Download the full nuScenes dataset from the official website.
Download the primary Occ3D-nuScenes annotations from the project page.
(Optional) For extended experiments, download other community annotations:
- OpenOcc_v2.1 Annotations & Ray Mask
- SurroundOcc Annotations (unzip and rename folder to gts_surroundocc)
- OpenOccupancy-v0.1 Annotations

Please organize your data following this directory structure:

ALOcc/
├── data/
│   ├── nuscenes/
│   │   ├── maps/
│   │   ├── samples/
│   │   ├── sweeps/
│   │   ├── v1.0-test/
│   │   ├── v1.0-trainval/
│   │   ├── gts/                 # Main Occ3D annotations
│   │   ├── gts_surroundocc/     # (Optional) SurroundOcc annotations
│   │   ├── openocc_v2/          # (Optional) OpenOcc annotations
│   │   ├── openocc_v2_ray_mask/ # (Optional) OpenOcc ray mask
│   │   └── nuScenes-Occupancy-v0.1/ # (Optional) OpenOccupancy annotations
...

Finally, run the preprocessing scripts to prepare the data for training:

# 1. Extract semantic segmentation labels from LiDAR
python tools/nusc_process/extract_sem_point.py

# 2. Create formatted info files for the dataloader
PYTHONPATH=$(pwd):$PYTHONPATH python tools/create_data_bevdet.py

Alternatively, you can download the pre-processed segmentation labels, train.pkl and val.pkl files from our Hugging Face Hub, and organize their path as:

ALOcc/
├── data/
│   ├── lidar_seg
│   ├── nuscenes/
│   │   ├── train.pkl
│   │   ├── val.pkl
│   │   ...
...

3. Pre-trained Models

For training, please download pre-trained image backbones from BEVDet, GeoMIM, or our Hugging Face Hub. Place the checkpoint files in the ckpts/pretrain/ directory.

🎮 Train & Evaluate

Training

Use the provided script for distributed training on multiple GPUs.

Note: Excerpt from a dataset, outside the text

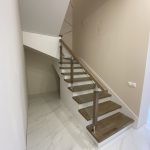 Облицовка бетонного каркаса лестницы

# Syntax: bash tools/dist_train.sh [CONFIG_FILE] [WORK_DIR] [NUM_GPUS]

# Example: Train the ALOcc-3D model with 8 GPUs
bash tools/dist_train.sh configs/alocc/alocc_3d_256x704_bevdet_preatrain.py work_dirs/alocc_3d 8

Testing

Download our official pre-trained models from the ALOcc Hugging Face Hub and place them in the ckpts/ directory.

# Evaluate semantic occupancy (mIoU) or occupancy flow
# Syntax: bash tools/dist_test.sh [CONFIG_FILE] [CHECKPOINT_PATH] [NUM_GPUS]

# Example: Evaluate the pre-trained ALOcc-3D model
bash tools/dist_test.sh configs/alocc/alocc_3d_256x704_bevdet_preatrain.py ckpts/alocc_3d.pth 8

# Evaluate semantic occupancy (RayIoU metric)
# Syntax: bash tools/dist_test_ray.sh [CONFIG_FILE] [CHECKPOINT_PATH] [NUM_GPUS]

# Example: Evaluate ALOcc-3D with the RayIoU script
bash tools/dist_test_ray.sh configs/alocc/alocc_3d_256x704_bevdet_preatrain_wo_mask.py ckpts/alocc_3d_wo_mask.pth 8

⚠️ Important Note: When running inference with temporal fusion enabled, please use exactly 1 or 8 GPUs. Using a different number of GPUs may lead to incorrect results due to a sampler bug causing duplicate sample processing.

Benchmarking

We provide convenient tools to benchmark model latency (FPS) and computational cost (FLOPs).

# Benchmark FPS (Frames Per Second)
# Syntax: python tools/analysis_tools/benchmark.py [CONFIG_FILE]
python tools/analysis_tools/benchmark.py configs/alocc/alocc_3d_256x704_bevdet_preatrain.py

# Calculate FLOPs
# Syntax: python tools/analysis_tools/get_flops.py [CONFIG_FILE] --shape [HEIGHT] [WIDTH]
python tools/analysis_tools/get_flops.py configs/alocc/alocc_3d_256x704_bevdet_preatrain.py --shape 256 704

Visualization

First, ensure you have Mayavi installed. You can install it using pip:

pip install mayavi

Before you can visualize the output, you need to run the model on the test set and save the prediction results.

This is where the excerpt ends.